━━━━━ Excerpted data

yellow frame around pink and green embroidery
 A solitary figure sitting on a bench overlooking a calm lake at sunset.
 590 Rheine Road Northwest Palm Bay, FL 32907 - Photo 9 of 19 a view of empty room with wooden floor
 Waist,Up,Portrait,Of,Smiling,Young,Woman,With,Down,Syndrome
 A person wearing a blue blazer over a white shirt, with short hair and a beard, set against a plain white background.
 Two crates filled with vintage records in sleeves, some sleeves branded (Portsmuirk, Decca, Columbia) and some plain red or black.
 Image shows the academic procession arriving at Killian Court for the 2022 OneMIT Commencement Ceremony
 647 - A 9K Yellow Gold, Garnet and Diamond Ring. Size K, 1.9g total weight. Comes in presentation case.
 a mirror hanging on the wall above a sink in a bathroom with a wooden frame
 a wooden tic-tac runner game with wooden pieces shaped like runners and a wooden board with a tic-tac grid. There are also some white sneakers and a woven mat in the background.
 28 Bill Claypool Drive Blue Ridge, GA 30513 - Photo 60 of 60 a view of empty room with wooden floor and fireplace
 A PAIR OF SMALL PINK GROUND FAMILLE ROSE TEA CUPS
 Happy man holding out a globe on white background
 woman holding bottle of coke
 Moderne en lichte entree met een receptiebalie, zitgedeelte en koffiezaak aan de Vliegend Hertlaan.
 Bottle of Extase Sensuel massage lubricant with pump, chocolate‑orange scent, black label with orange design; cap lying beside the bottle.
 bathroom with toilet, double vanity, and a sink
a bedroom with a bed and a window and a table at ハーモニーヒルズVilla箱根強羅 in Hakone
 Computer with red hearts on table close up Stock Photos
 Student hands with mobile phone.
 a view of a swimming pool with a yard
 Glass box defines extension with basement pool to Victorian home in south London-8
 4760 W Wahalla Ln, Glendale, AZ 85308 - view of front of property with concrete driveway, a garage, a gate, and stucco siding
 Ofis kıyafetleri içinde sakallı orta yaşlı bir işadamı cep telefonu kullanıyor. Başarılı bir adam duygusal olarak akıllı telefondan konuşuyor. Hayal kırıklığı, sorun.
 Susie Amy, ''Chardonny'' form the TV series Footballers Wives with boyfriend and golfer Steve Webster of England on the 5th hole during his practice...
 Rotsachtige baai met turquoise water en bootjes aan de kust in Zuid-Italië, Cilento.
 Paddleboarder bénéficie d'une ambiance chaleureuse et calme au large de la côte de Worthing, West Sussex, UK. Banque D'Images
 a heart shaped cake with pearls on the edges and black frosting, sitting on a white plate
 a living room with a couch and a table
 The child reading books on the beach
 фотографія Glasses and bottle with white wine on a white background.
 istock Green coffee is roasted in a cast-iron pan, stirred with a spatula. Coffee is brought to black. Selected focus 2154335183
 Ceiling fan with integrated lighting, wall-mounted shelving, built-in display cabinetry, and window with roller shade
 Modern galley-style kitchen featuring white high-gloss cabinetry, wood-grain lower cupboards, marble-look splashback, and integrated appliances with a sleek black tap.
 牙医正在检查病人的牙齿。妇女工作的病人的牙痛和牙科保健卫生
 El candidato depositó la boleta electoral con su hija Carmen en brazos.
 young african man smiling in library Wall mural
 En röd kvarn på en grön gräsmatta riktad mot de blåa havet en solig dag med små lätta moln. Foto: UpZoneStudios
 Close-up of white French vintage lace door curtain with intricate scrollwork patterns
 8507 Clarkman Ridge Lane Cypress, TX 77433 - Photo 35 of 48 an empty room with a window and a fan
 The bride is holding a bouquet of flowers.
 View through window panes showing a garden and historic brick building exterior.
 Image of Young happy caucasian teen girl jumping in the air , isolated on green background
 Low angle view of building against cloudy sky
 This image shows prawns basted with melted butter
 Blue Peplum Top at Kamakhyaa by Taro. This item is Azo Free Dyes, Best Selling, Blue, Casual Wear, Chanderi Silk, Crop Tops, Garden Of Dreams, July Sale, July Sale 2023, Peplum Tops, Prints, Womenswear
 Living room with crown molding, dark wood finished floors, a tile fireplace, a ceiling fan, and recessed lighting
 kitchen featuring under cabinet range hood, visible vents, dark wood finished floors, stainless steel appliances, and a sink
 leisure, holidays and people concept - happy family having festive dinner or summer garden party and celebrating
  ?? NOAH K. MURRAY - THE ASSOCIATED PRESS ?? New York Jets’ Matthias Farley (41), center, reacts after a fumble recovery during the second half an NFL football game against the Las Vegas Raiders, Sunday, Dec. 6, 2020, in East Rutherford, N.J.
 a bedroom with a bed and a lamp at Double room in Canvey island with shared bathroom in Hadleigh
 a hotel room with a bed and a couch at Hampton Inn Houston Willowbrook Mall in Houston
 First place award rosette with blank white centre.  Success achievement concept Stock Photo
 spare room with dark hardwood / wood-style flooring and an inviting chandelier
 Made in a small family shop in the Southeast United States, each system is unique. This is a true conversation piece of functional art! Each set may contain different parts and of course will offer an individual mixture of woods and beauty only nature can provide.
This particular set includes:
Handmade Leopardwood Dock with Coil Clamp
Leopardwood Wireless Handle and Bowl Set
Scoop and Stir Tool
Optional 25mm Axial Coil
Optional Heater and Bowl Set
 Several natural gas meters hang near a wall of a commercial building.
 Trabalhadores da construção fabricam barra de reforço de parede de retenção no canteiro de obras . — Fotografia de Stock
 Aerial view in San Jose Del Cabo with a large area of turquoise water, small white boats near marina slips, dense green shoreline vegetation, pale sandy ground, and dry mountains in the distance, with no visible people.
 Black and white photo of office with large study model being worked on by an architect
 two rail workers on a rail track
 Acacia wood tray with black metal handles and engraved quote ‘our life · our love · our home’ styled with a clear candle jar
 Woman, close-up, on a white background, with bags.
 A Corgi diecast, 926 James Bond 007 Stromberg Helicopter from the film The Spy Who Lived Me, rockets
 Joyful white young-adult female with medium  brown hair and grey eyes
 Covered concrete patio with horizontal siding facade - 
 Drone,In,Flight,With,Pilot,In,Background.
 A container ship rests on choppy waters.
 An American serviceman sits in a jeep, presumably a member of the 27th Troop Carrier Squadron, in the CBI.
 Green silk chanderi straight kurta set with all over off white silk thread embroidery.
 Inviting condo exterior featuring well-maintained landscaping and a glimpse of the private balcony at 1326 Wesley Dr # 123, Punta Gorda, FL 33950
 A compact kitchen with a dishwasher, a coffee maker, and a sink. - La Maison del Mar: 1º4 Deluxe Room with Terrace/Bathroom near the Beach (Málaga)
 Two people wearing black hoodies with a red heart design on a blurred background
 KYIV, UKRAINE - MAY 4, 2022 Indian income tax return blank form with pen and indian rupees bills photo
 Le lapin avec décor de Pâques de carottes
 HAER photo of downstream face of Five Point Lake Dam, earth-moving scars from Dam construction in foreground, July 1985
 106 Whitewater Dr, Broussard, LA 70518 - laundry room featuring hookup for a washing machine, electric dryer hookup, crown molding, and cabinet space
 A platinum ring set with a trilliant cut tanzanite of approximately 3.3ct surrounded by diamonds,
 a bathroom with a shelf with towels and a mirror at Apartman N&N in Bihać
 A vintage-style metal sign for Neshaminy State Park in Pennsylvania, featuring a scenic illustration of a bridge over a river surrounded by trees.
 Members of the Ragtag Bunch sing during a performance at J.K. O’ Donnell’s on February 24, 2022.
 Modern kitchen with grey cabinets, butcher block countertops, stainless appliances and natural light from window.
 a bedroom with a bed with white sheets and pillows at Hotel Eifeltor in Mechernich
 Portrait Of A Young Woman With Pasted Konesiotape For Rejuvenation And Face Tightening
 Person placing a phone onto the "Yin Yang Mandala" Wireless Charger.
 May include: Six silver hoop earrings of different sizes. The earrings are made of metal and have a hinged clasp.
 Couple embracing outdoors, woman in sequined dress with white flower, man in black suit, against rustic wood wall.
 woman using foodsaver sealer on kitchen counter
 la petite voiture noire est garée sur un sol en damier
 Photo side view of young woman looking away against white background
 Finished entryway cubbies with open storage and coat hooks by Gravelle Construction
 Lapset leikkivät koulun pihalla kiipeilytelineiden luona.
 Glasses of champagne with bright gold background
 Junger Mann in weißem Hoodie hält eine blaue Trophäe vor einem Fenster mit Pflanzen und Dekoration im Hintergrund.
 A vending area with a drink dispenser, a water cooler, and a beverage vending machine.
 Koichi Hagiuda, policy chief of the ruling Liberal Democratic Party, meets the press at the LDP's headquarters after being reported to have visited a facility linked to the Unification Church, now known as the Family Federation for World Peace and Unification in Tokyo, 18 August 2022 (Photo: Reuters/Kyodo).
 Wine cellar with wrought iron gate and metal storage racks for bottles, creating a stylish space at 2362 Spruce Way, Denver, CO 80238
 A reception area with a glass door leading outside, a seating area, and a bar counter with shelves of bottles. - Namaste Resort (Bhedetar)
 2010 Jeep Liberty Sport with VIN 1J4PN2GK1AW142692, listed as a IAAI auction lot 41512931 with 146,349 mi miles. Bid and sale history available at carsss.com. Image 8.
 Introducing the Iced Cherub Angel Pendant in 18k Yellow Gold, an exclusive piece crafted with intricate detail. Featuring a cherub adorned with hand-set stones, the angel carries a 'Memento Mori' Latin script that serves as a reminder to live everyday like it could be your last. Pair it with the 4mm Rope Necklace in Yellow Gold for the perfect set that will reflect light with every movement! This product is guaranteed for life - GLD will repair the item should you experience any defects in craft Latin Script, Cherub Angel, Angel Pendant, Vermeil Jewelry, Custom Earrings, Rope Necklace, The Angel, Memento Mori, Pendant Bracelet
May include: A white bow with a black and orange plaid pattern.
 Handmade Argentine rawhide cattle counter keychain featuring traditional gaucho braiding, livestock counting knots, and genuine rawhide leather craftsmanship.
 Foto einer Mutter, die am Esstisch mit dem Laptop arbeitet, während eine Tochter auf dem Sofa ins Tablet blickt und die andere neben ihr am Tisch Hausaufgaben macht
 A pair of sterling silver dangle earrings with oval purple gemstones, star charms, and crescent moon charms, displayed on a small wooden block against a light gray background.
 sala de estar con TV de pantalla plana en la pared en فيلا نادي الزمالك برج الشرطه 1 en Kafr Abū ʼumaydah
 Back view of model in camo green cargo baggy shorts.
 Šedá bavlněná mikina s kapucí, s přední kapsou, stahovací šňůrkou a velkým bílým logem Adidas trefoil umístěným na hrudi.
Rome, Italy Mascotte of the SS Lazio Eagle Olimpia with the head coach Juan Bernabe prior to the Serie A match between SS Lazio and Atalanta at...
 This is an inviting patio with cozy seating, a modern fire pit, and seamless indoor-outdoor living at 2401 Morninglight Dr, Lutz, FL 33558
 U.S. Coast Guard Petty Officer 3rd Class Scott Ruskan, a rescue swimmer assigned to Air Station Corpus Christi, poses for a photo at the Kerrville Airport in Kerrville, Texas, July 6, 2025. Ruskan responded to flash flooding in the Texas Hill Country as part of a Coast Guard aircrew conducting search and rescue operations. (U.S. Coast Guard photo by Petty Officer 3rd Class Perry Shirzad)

━━━━━━━━━━

Task requirements: Copy the records above exactly, beginning at the line that contains "Glass box defines" and stopping after the line that contains "This image shows".

The completed task:
 Glass box defines extension with basement pool to Victorian home in south London-8
 4760 W Wahalla Ln, Glendale, AZ 85308 - view of front of property with concrete driveway, a garage, a gate, and stucco siding
 Ofis kıyafetleri içinde sakallı orta yaşlı bir işadamı cep telefonu kullanıyor. Başarılı bir adam duygusal olarak akıllı telefondan konuşuyor. Hayal kırıklığı, sorun.
 Susie Amy, ''Chardonny'' form the TV series Footballers Wives with boyfriend and golfer Steve Webster of England on the 5th hole during his practice...
 Rotsachtige baai met turquoise water en bootjes aan de kust in Zuid-Italië, Cilento.
 Paddleboarder bénéficie d'une ambiance chaleureuse et calme au large de la côte de Worthing, West Sussex, UK. Banque D'Images
 a heart shaped cake with pearls on the edges and black frosting, sitting on a white plate
 a living room with a couch and a table
 The child reading books on the beach
 фотографія Glasses and bottle with white wine on a white background.
 istock Green coffee is roasted in a cast-iron pan, stirred with a spatula. Coffee is brought to black. Selected focus 2154335183
 Ceiling fan with integrated lighting, wall-mounted shelving, built-in display cabinetry, and window with roller shade
 Modern galley-style kitchen featuring white high-gloss cabinetry, wood-grain lower cupboards, marble-look splashback, and integrated appliances with a sleek black tap.
 牙医正在检查病人的牙齿。妇女工作的病人的牙痛和牙科保健卫生
 El candidato depositó la boleta electoral con su hija Carmen en brazos.
 young african man smiling in library Wall mural
 En röd kvarn på en grön gräsmatta riktad mot de blåa havet en solig dag med små lätta moln. Foto: UpZoneStudios
 Close-up of white French vintage lace door curtain with intricate scrollwork patterns
 8507 Clarkman Ridge Lane Cypress, TX 77433 - Photo 35 of 48 an empty room with a window and a fan
 The bride is holding a bouquet of flowers.
 View through window panes showing a garden and historic brick building exterior.
 Image of Young happy caucasian teen girl jumping in the air , isolated on green background
 Low angle view of building against cloudy sky
 This image shows prawns basted with melted butter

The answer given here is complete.